His death was confirmed by his daughter, Leslie Haynes-Gilmore, to WRTI’s Nate Chinen.
To listen to any part of Roy Haynes’ drumming individually is to confront something important about jazz and what it can contain. The light and shifting ride-cymbal patterns, the uneven bass-drum accents, the crisply organized breaks or context-smashing disruptions on snare, the clarifying semaphore of the high-hat: each of these is worth following on its own.
But who does that? Better to hear all the parts functioning together as a complex, swinging organism. And Haynes played in such a way that all his startling musical details conjoined with human qualities: grace, humor, excitement, cool, confidence, vitality. He got up toward the front of the stage and tap-danced during his gigs, sometimes as an integral part of a drum solo. If you weren’t conditioned to pay close attention to the drummer in a group, he could be the one to make you start. No matter the group, he wasn’t just part of the rhythm section. He was — as per Sarah Vaughan’s introduction on her 1954 track “Shulie A Bop,” in alternation with his snare-drum hits — [crack!] Roy. [rat-tat-tat!] Haynes.
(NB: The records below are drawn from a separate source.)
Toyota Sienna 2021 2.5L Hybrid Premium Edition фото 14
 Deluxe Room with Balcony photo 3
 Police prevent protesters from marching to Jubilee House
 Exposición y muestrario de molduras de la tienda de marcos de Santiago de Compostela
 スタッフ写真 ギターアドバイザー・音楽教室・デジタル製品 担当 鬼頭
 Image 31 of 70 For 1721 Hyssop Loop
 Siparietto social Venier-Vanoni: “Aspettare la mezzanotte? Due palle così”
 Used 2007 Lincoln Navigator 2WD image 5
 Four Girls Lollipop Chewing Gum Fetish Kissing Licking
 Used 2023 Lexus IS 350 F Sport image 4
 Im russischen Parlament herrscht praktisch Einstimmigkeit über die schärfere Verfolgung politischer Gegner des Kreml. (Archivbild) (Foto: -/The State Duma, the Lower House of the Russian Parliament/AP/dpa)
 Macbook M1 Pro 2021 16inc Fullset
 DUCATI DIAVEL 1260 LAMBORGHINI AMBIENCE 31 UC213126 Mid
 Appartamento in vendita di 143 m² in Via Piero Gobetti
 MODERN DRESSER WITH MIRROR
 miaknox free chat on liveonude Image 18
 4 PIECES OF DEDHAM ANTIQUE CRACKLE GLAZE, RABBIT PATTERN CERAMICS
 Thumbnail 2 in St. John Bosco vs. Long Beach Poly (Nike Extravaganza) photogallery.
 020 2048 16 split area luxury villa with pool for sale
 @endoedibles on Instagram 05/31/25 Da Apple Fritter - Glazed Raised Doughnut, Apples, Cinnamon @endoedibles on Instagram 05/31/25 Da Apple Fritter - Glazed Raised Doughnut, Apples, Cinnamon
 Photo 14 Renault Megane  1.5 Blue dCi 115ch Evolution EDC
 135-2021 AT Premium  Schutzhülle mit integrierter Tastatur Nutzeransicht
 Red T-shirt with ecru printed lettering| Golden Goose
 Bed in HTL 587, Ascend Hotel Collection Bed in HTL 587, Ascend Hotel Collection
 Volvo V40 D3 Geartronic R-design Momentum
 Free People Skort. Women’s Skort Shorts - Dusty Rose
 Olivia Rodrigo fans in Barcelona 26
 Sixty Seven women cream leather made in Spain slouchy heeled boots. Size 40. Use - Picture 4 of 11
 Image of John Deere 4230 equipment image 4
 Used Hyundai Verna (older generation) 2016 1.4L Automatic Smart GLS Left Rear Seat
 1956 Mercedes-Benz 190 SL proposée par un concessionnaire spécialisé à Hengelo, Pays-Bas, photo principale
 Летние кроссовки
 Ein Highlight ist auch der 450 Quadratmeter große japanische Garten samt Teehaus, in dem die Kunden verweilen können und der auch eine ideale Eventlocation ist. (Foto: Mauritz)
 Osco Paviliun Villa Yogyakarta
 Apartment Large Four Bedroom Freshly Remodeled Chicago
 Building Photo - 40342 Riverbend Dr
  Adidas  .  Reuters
Haynes absorbed new styles in the jazz tradition. Yet it was often the older elements of his style, originating in the 1940s and ’50s — the strut and bounce and swing and dance in his beat — which kept him current, even in recent times. “I’m only happy when I’m moving forward,” as he explained it to the writer Burt Korall. “Some musicians play the same songs the same way every night. That’s impossible for me. My fundamental style may not really be different. But there have been so many things added.”
Born March 13, 1925, Haynes grew up within a remarkable family in the culturally integrated Boston neighborhood of Roxbury; he described his block as a mixture of French-Canadian, Jewish, Irish, and black families from the South. His parents, Gustavus and Edna Haynes, both came from Barbados, and his father worked for the Standard Oil company. (Both sang, and Gustavus played the organ in church.)
Roy studied violin for a year, knew percussion would be his focus. He became a voracious learner—although apart from an early lesson from a Roxbury drummer named Herbie Wright and a short stint at Boston Conservatory he mostly learned on his own by watching and practicing and performing, which he was doing so often by his middle teenage years that he dropped out of Roxbury Memorial High School. He gravitated toward the best: he learned much about playing the high-hat from the drummer who was perhaps his greatest hero, the Count Basie drummer Jo Jones, whom he first met as a teenager by talking his way backstage at a Basie gig at the RKO Boston Theatre, claiming to be Jones’s son.